*The problem*
Some lines in the entries contain the word "with". Copy all of them.

[Opening Source material section]

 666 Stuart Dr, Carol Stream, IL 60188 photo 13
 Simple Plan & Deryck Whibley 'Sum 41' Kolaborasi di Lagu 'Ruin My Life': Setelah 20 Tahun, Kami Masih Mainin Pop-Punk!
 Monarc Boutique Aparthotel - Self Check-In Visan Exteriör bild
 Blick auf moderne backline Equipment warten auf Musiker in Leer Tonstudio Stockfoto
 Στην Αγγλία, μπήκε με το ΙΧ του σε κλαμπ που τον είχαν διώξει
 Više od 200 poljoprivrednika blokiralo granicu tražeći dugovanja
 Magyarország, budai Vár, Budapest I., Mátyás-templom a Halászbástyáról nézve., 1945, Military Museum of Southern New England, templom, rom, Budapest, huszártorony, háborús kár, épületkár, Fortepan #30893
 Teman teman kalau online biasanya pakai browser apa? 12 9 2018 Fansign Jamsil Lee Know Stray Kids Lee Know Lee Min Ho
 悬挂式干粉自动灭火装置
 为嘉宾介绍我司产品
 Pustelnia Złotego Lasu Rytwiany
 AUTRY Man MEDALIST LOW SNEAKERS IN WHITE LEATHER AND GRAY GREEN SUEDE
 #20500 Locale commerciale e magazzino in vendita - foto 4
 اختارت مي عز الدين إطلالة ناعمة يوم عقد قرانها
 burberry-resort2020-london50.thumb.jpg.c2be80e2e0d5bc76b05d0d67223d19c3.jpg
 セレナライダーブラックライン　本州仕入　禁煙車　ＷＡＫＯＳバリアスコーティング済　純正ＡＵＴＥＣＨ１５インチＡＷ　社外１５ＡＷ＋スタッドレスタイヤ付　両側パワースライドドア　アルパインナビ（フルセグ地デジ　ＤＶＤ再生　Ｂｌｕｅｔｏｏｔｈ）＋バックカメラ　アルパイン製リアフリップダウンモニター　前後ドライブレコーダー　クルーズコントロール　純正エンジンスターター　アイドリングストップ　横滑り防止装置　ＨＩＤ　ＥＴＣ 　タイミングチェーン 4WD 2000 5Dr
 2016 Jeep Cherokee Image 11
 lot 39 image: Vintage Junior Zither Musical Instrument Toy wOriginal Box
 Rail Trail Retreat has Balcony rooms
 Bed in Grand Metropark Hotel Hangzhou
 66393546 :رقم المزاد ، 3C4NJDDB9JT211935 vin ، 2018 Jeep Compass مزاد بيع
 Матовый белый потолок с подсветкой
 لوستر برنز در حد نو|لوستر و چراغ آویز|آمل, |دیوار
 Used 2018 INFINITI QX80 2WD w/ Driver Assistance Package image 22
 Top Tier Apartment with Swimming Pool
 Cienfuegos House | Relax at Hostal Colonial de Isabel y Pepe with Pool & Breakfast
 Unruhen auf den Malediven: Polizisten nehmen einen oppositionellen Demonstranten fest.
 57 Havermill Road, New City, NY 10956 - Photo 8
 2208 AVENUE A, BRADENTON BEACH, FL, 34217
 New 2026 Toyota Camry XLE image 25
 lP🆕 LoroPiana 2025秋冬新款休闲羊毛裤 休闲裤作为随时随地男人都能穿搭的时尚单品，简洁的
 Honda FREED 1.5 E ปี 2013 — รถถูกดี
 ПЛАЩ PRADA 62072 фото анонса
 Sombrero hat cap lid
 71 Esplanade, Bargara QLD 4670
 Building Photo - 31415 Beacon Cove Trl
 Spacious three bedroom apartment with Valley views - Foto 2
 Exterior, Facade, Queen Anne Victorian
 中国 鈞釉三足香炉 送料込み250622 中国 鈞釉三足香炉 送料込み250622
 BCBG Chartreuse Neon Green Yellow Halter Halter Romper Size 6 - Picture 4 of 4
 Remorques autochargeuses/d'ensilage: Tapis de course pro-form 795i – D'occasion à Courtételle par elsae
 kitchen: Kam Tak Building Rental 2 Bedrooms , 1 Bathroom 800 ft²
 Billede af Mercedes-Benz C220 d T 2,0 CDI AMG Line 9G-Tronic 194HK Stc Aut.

[Closing Source material section]

*Exercise answer*
 Top Tier Apartment with Swimming Pool
 Cienfuegos House | Relax at Hostal Colonial de Isabel y Pepe with Pool & Breakfast
 Spacious three bedroom apartment with Valley views - Foto 2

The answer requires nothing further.